Guru Usulkan Moratorium dan Evaluasi MBG Usai Kasus Keracunan di Beberapa Daerah
P2G mengusulkan agar MBG dihentikan sementara sembari dilakukan evaluasi.
REPUBLIKA.CO.ID, JAKARTA -- Perhimpunan Pendidikan dan Guru (P2G) mendorong agar program Makan Bergizi Gratis (MBG) oleh Badan Gizi Nasional (BGN) dievaluasi. P2G mengusulkan agar MBG dihentikan sementara sembari dilakukan evaluasi secara menyeluruh.
Hal itu disampaikan P2G merespons maraknya kasus keracunan MBG di berbagai wilayah. Terbaru, Pemerintah Kota Bogor menetapkan status Kejadian Luar Biasa (KLB) akibat ratusan siswa mengalami keracunan usai menyantap MBG.
"P2G melihat kejadian ini terus berulang dan intensitas makin banyak, kami berharap harus ada moratorium dulu sambil BGN bersama stakeholders terkait untuk evaluasi," kata Koordinator Nasional P2G, Satriwan Salim kepada Republika, Kamis (15/5/2025).
Satriwan menyebut aspek penyediaan makanan, gizi, keamanan, menu, dan distribusi MBG perlu ditinjau ulang. Satriwan mempersilahkan BGN menakar waktu yang dibutuhkan untuk evaluasi komprehensif.
"Sementara bisa moratorium selama beberapa waktu untuk perbaiki sisi-sisi itu. Berapa lama? Tentu ini harus jadi kajian serius BGN. Bisa sebulan atau lebih cepat untuk evaluasi," ujar Satriwan.
Untuk perbaikan MBG ini, Satriwan mendorong pemerintah membuat kebijakan alternatif misal dari aspek penyediaan makanan atau distribusi. Satriwan menyebut kantin sekolah layak dipertimbangkan sebagai penyedia MBG.
"Misal dari aspek penyediaan dan distribusi itu bisa saja melibatkan kantin sekolah jadi tidak dari pihak luar. Tentu sebagai awalan, ini bisa dilakukan dengan percontohan dulu. Kita tahu kantin sekolah sudah berpengalaman menyediakan makanan bagi anak-anak," ujar Satriwan.
Opsi kedua, Satriwan mengusulkan wali murid sendiri yang memasak MBG bagi anak-anaknya. Mekanismenya, uang MBG bisa dikelola wali murid secara langsung.
"Bisa juga diujicobakan opsi kedua berupa uang cash kepada wali murid sehingga nanti wali murid yang memasakkan itu untuk dibawa ke sekolah. Jadi harus ada uji coba untuk dua alternatif itu sambil perbaiki agar keracunan tidak terjadi," ujar Satriwan.

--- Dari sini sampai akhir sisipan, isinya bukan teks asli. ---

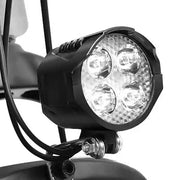 A close-up of a black bicycle headlight with four clear LED lights, mounted on a bike handlebar with wiring visible against a white background.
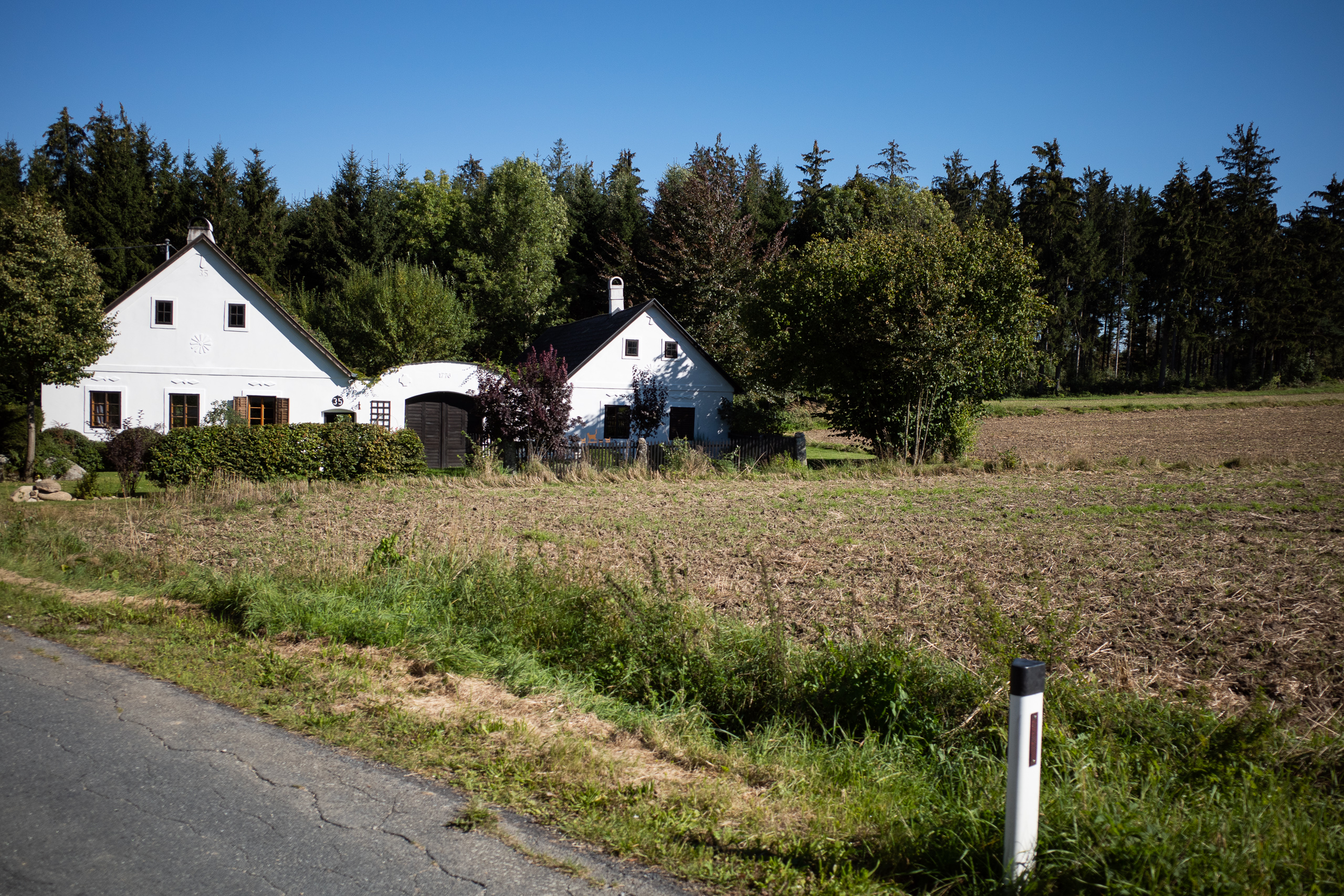 Weiß getünchte Höfe am Waldrand, davor das abgeerntete Feld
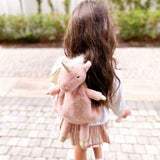 Girl with long dark hair wearing the Mon Ami Luna Unicorn Backpack, back view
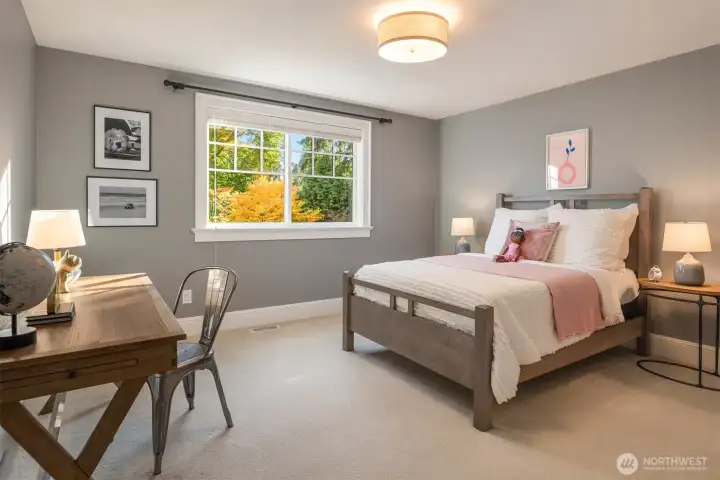 Two additional bedrooms on the upper level.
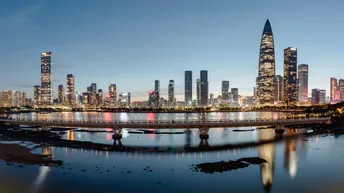 暮色或夜晚的城市 摩天大楼照亮 河景在建筑群前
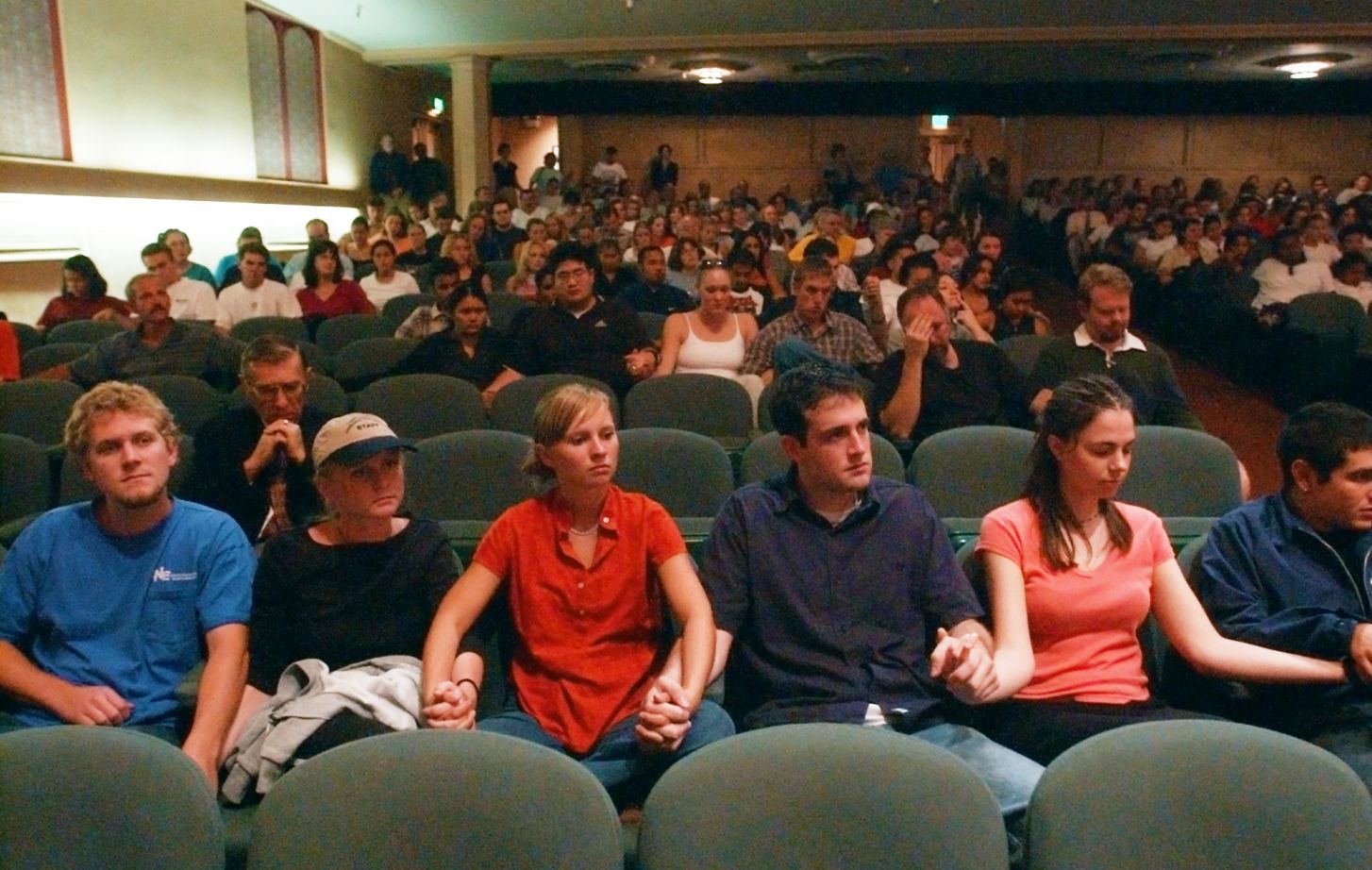 Pacific student holding hands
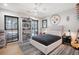 Bedroom featuring large windows, light walls, and unique sports decor at 299 Bampfield Dr, Mount Pleasant, SC 29464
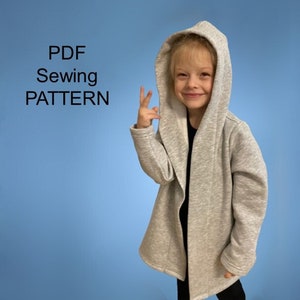 Może przedstawiać: Wzór szycia PDF na kardigan z kapturem o długim, swobodnym kroju. Kardigan jest jasnoszary i jest noszony przez dziecko.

Dari informasi yang dihimpun Republika, sejumlah daerah tercatat mengalami kasus keracunan yang diduga terkait dengan program MBG yang dijalankan di sekolah-sekolah. Salah satu kasus paling menonjol terjadi di Kota Bogor, tepatnya di Sekolah Bosowa Bina Insani.
Kasus ini menjadi sorotan karena gejalanya muncul secara lambat. Murid mengonsumsi makanan pada hari Selasa, namun keluhan baru meningkat pada Kamis dan Jumat. Pemeriksaan laboratorium menunjukkan adanya kontaminasi bakteri Salmonella dan Ecoli yang ditemukan pada air, telur, dan sayuran, sehingga kasus ini kemudian ditetapkan sebagai Kejadian Luar Biasa (KLB) oleh Dinas Kesehatan Kota Bogor.
Selain Bogor, beberapa daerah lain seperti Cianjur, Sukoharjo, Bandung, Tasikmalaya, dan PALI (Penukal Abab Lematang Ilir) juga pernah mengalami kejadian serupa. Umumnya, di daerah-daerah tersebut, gejala keracunan muncul dengan cepat atau beberapa jam setelah konsumsi makanan. Sebagian besar kasus pulih dalam waktu 1–2 hari setelah mendapatkan penanganan.